Mit dem Lötzinn hast du recht, Uwe. Ich habe ihn wegen dem dadurch zu benutzenden Lötkolben gewählt. Eine schwarze "Hommage" an alle Arten von zweckentfremdeten Drähten auf dieser Welt.

Liebe Grüße - Aqua

 
Zuletzt bearbeitet:

Hi aqua,

athmosphärisch dicht, sprachlich anspruchsvoll, und erst nach mehrmaligem Lesen habe ich Deine Gedankensprünge nachvollziehen können und auch verstanden, was Du eigentlich sagen wolltest. Hat wirklich Klasse...

Nele

 

Danke, Nele, dafür, dass du dich durchgeackert hast.
Ich gebe zu, es ist nicht ganz so einfach.
Ich hoffe, damit zum Nachdenken anregen zu können. Oder hie und da Sprachlosigkeit, in welcher Form auch immer, zu bewirken.

Liebe Grüße - Aqua

 

Hallo Aqualung

Eine grandiose Geschichte. Atmosphärische äußerst dicht, gerade durch die etwas andere Erzählstruktur und gerade dadurch auch so gut.
Sprachlich, wie eigentlich immer, herausragend.

Gruß
deMolay

 

Danke, deMolay,

Kritiken wie deine eine ist, bestärken mich darin, in diesem Sinne weiterzumachen. Ich wünsche dir noch einen schönen Tag, deMolay.

Liebe Grüße - Aqua

 

Hallo Aqua

ich war schon von deiner Geschichte beindruckt als ich sie auf der Donauinsel gehört habe. Es gibt wohl nicht viel mehr darüber zu sagen was nicht oben schon gesagt wurde.

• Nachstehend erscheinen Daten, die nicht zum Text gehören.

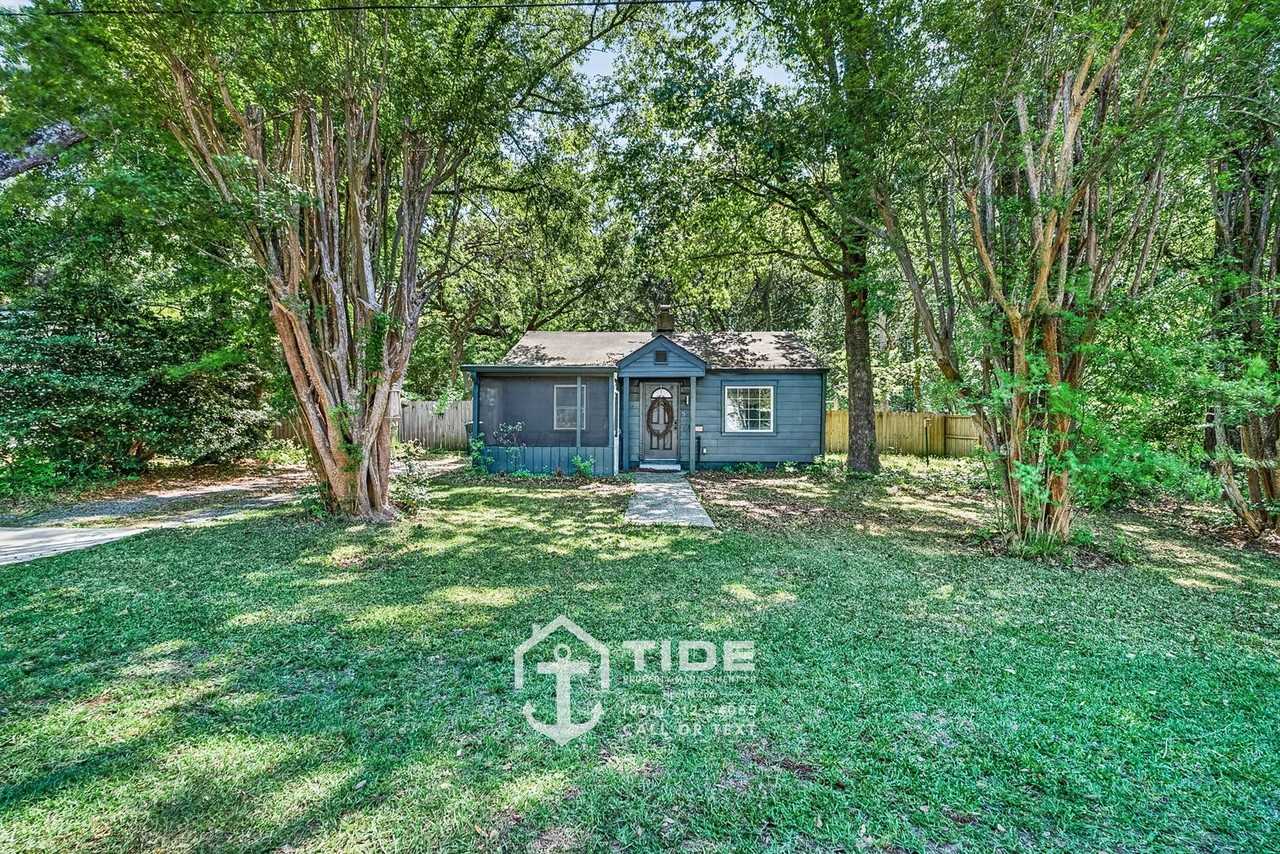 5 Paula Dr - Photo 2 of 22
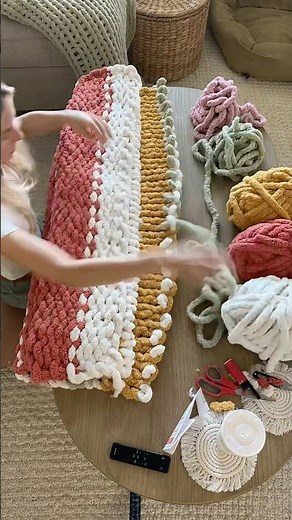 You can find this pattern and more at www.wildlywoven.store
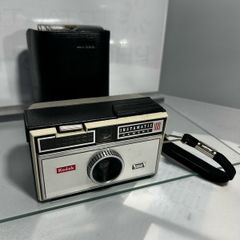 Vintage 1966 Kodak Instamatic 100 Film Camera Vintage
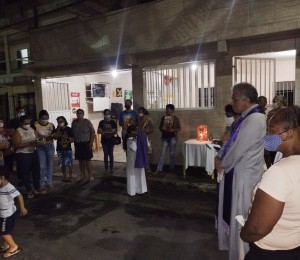 Paróquia Nossa Senhora da Conceição realiza Via-Sacra visitando os bairros e famílias
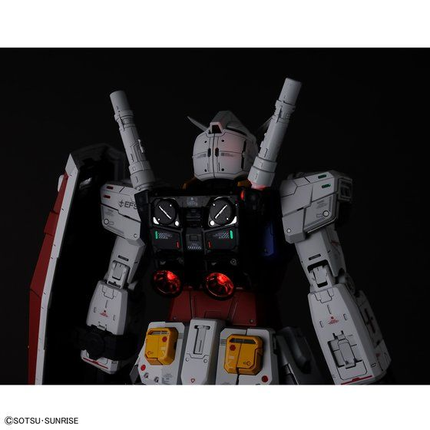 Bandai PG Unleashed 1/60 RX-78-2 Gundam official illuminated rear backpack detail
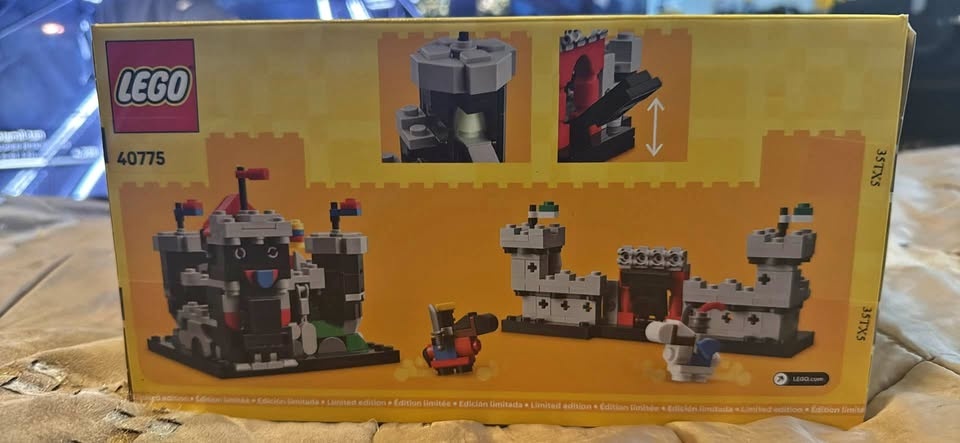 Lego Mini Knight’ Castle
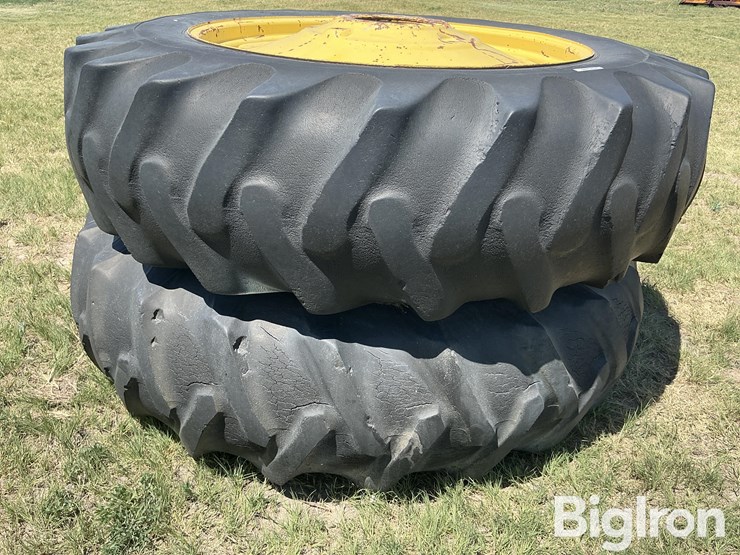 john-deere-16-image-9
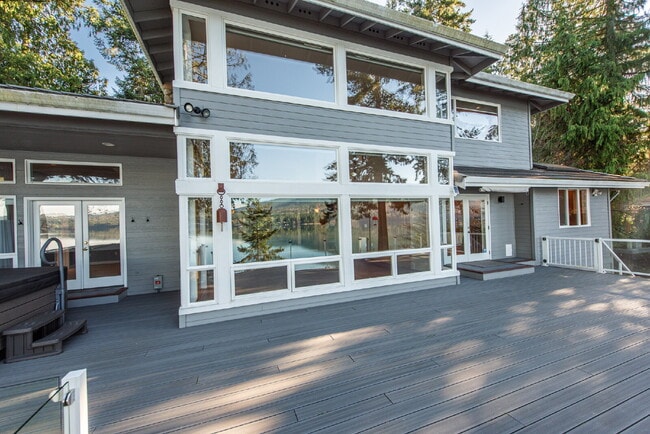 Building Photo - Beautiful Custom Home Overlooking Sequim Bay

..nur eins. Lötzinn ist eigentlich zu weich um damit jemanden zu fesseln, besonders bis auf die Knochen. Ich kann nichts dafür, solche sachen zerstören für mich mit einem Schlag die aufgebaute Atmosphäre. Ich beginne an andere Dinge zu denken, und der rest Geschichte gleitet in meinen Hinterkopf, um von rationellen Gedanken zugeschüttet zu werden.

Grüße von einem unverbesserlichen Realisten.

 

Hallo Aqualung!

Die Geschichte wirkt auf mich wie ein Bild, eine Beschreibung von Sequenzen. In diesem Sinn ist sie schön, wie auch eine grausame Oper schön sein kann. Ich habe den Eindruck, es geht dir mehr um die Ästhetik der Momentaufnahmen, als um einen ausgefeilten Handlungsstrang, oder gar irgendeine bestimmte Aussage.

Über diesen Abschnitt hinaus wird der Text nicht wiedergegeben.